In the history of Mingus Tantrum Tales, the Mingus Tantrum Tale that sits at the center of this album’s origin story is one of the best.
In the history of jazz albums that make history, this is one of the most historical.
And if it never quite occurred to you that Duke Ellington really was a fantastic bloody piano player, well, then this album is for you too.

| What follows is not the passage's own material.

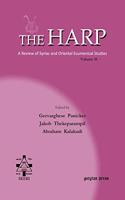 The Harp (Volume 18)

Charles Mingus – Mingus Ah Um
Once upon a time in jazz, there was a man within whom lived both the blues and the jazz. He was a big man, a man of gargantuan appetites for life, for love, for music, for attention. He believed that everything could be improvised, that structure was a springboard, that you should play from the inside out. He believed he was the equal of Ellington, then cried like a baby in the presence of the master. He went half crazy many times over. He was a truth-mirror that we looked into and saw too much racism, too much poverty, and too little imagination. He believed that jazz should be, could be, would be funky, and soulful, and swinging. He believed jazz told a story.
This man made an album called Mingus Ah Um, and it will live forever as a musical testament to everything this man believed. The man’s name was Charles Mingus. He played bass, and was a performer, composer, and arranger. He was a genius. His name was Charles Mingus.